Formally, BaaS is where a bank offers some of its core capabilities and its regulated infrastructure as a service to third parties for a fee. These capabilities could be compliance, KYC, identity, payments, accounts, risk management and much more. Since explaining BaaS may be challenging, I will borrow Dov Marmor's "The Fintech Cookie Factory" example.
Let's say there's a pastry chef that has created the perfect cookie for her customers: vegans who love flavor-packed foods. Her cookie does not disappoint, crispy outside, fluffy inside, with vegan buttercream and hints of cinnamon. In fact, she sells out of them every night until one of her customers suggests selling her cookies wholesale. So she gets a meeting with a major grocery store chain that has a vegan customer base. With one taste, they place an order to stock every one of their 500 stores with an initial run of 1,000 cookies, and they tell her there is plenty more to come. Now she has a decision to make. How will she produce 500,000 cookies? She's a pastry chef, not a manufacturer.
Option No. 1: She can take her purchase order to a bank and get a loan. With the money from the loan, she can set up an entire cookie baking factory and hire a team of experts to run it. The cost will be $3 million, the interest on the loan will be 12% or $120,000 a year and the cost of a 10-person team to run it will be $500,000 a year. Let's say she goes down this path and the first order goes off without a hitch. In fact, the grocery chain sells out in three weeks and places another order. The second order sells out in another three weeks, and she calls to get the next purchase order, but the buyer's tone has changed. Then she hears these words: "I'm so sorry, but we've decided to bring baking in-house and start our own vegan line. My boss says we can't give you another order." The result? The chef's business declares bankruptcy after three months.

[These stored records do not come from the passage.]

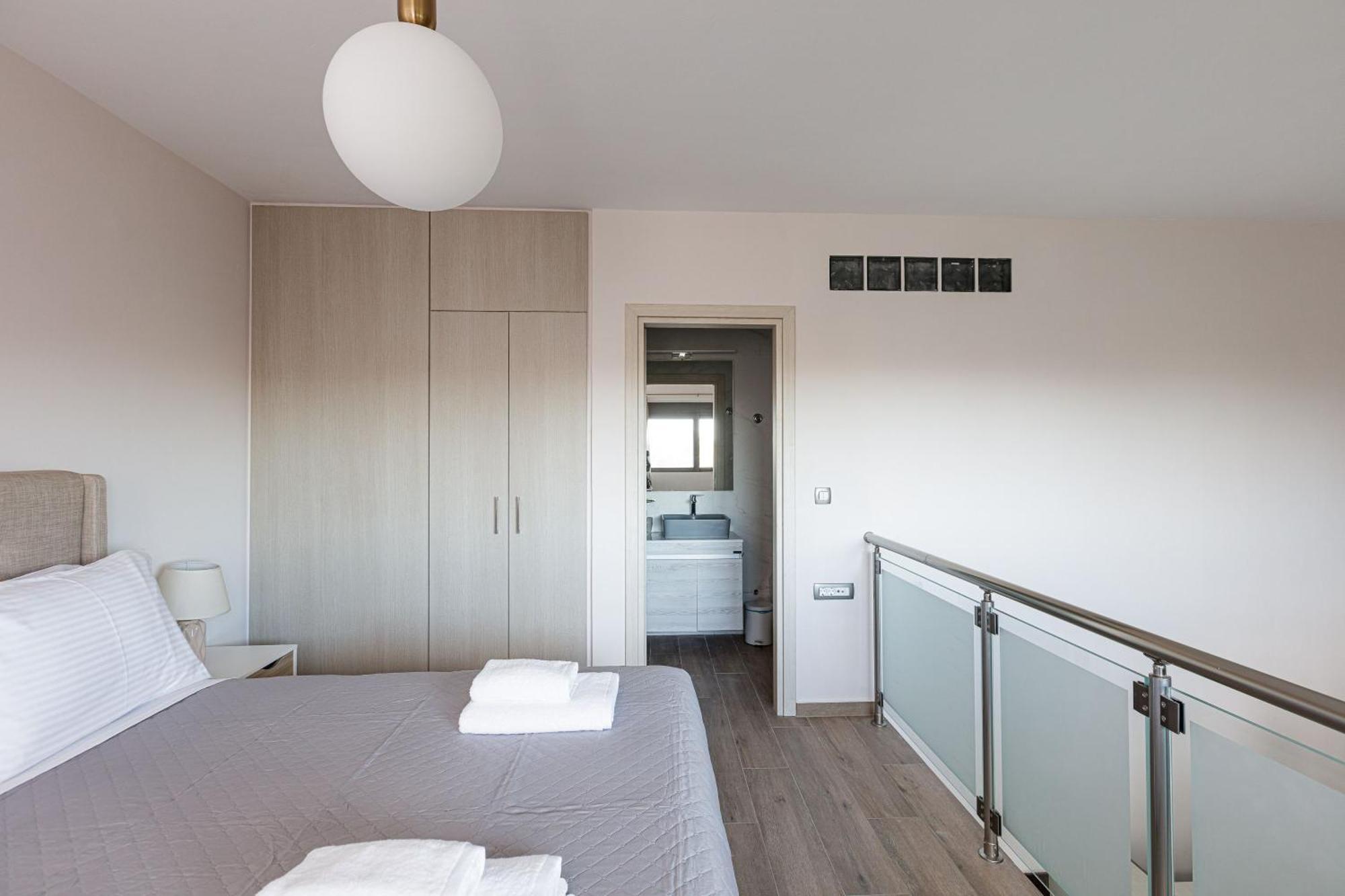 Aurora Apartments Chania  Zimmer foto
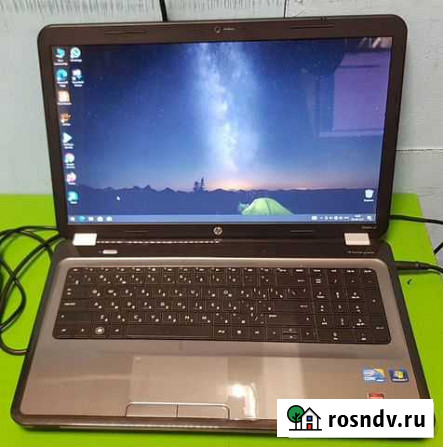 Ноутбук HP Pavilion g7-1054er Петропавловск-Камчатский - изображение 1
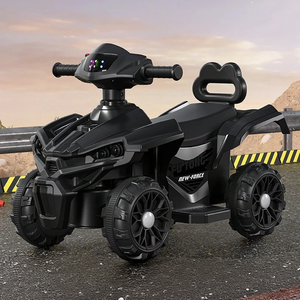 รถยนต์ไฟฟ้าสำหรับเด็กจากโรงงานโดยตรง ของเล่นชายหาด พร้อมรีโมทคอนโทรลสำหรับผู้ปกครอง โหมดขับขี่อัตโนมัติ - Product Image 5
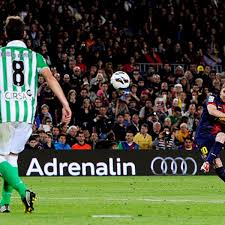 Game log, goals, assists, played minutes, completed passes and shots. Messi Lifts Barcelona To Cusp Of La Liga Title Sports Illustrated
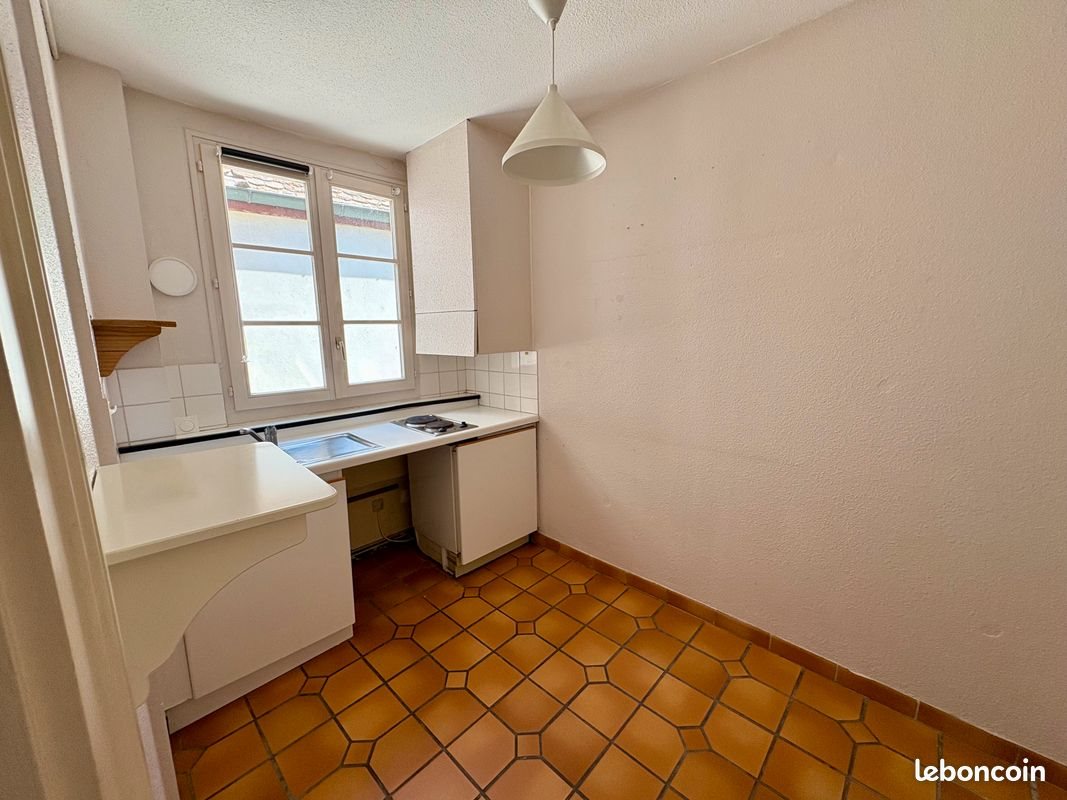 Appartement à vendre, 27m², Strasbourg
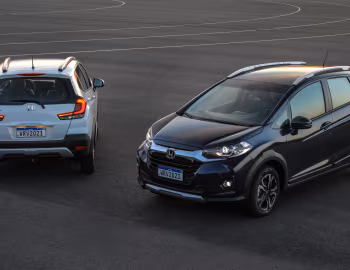 Honda WR-V '2020–23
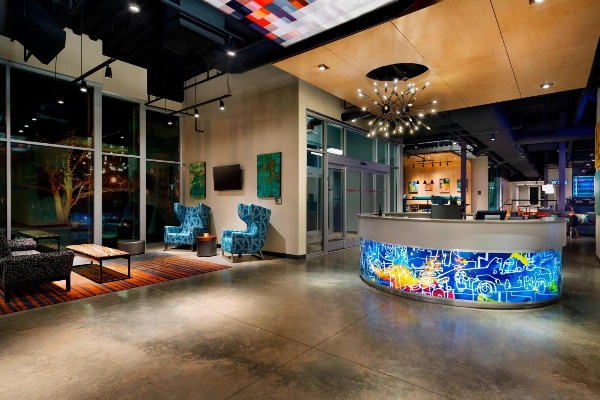 Aloft Columbia Downtown image 3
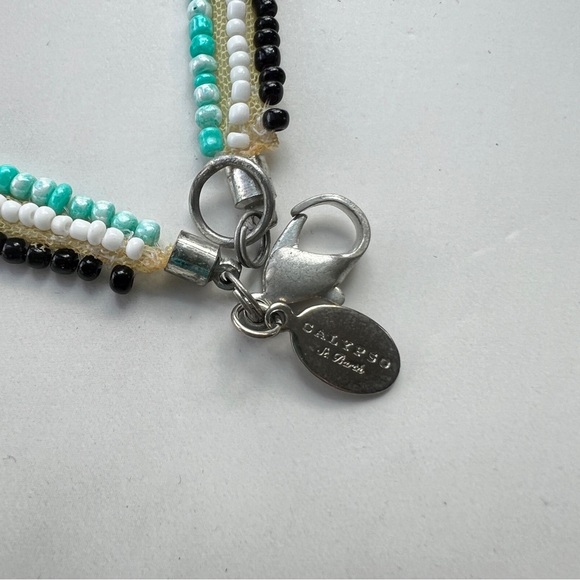 Calypso St. Barth for Target Long Seed Beed Necklace - Picture 9 of 12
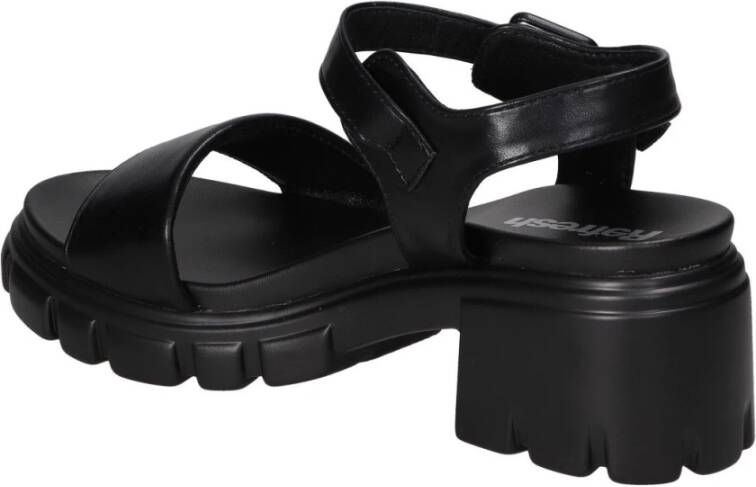 Refresh Jonge Moda Sandalen Black Dames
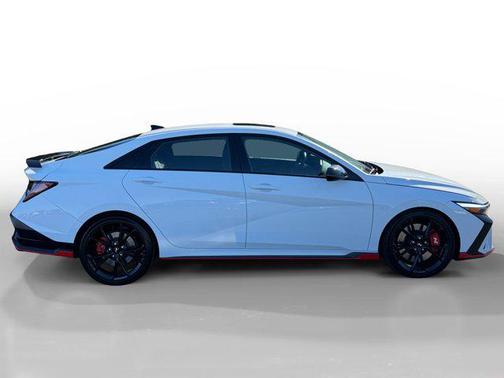2025 Hyundai ELANTRA N Base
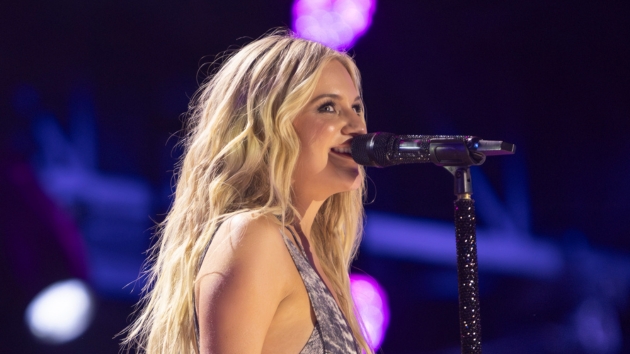 Kelsea Ballerinis glad shes not on her “First Rodeo”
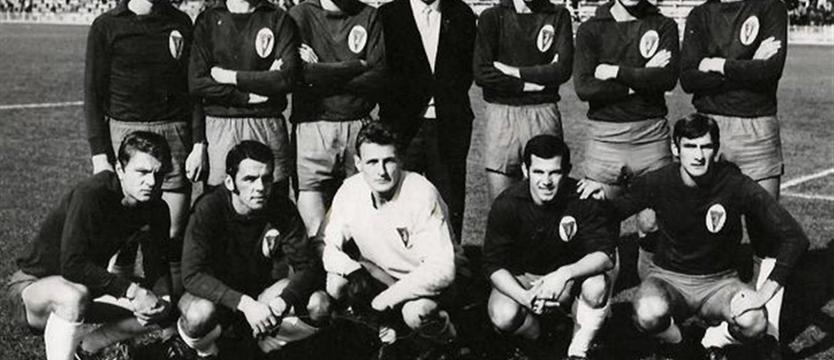 Piłka nożna. Kaperowanie Jakóbczaka przez Maślankę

Option No. 2: She goes to a co-packer. A co-packer is a contract manufacturer for food products. They've invested in all the equipment and assembly lines, they've hired a team with expertise in manufacturing, food labeling, wholesale supply chain and distribution. Their cost to set it up was tens of millions as they went for the absolute top talent and machinery. But they divide that cost across hundreds of customers, producing different food products in each "run" using the same core infrastructure. They know what can be standardized without compromising quality and what processes need to be tweaked product-by-product to ensure they all taste different and amazing. Let’s say the chef uses option two. Her set-up costs are $5,000, she doesn't take out a loan and she builds her brand using those first two huge orders from the grocery chain. Okay, her cost per cookie will be higher at scale, but she can keep her focus on new recipes and new sales, instead of splitting her efforts between manufacturing and baking. When the grocery chain cancels on the third order, she can weather the storm by continuing to work on her restaurant, and six months later she gets a new order from a different grocery brand.
In the world of fintech, the product manager is the chef. The product manager understands their customers' needs, designs products that suit their customers' unique tastes and combines those various products to create an overall experience. But being a chef is not being a manufacturing expert, and the same benefits the chef gets from the co-packer, the product manager gets from a banking as a service platform.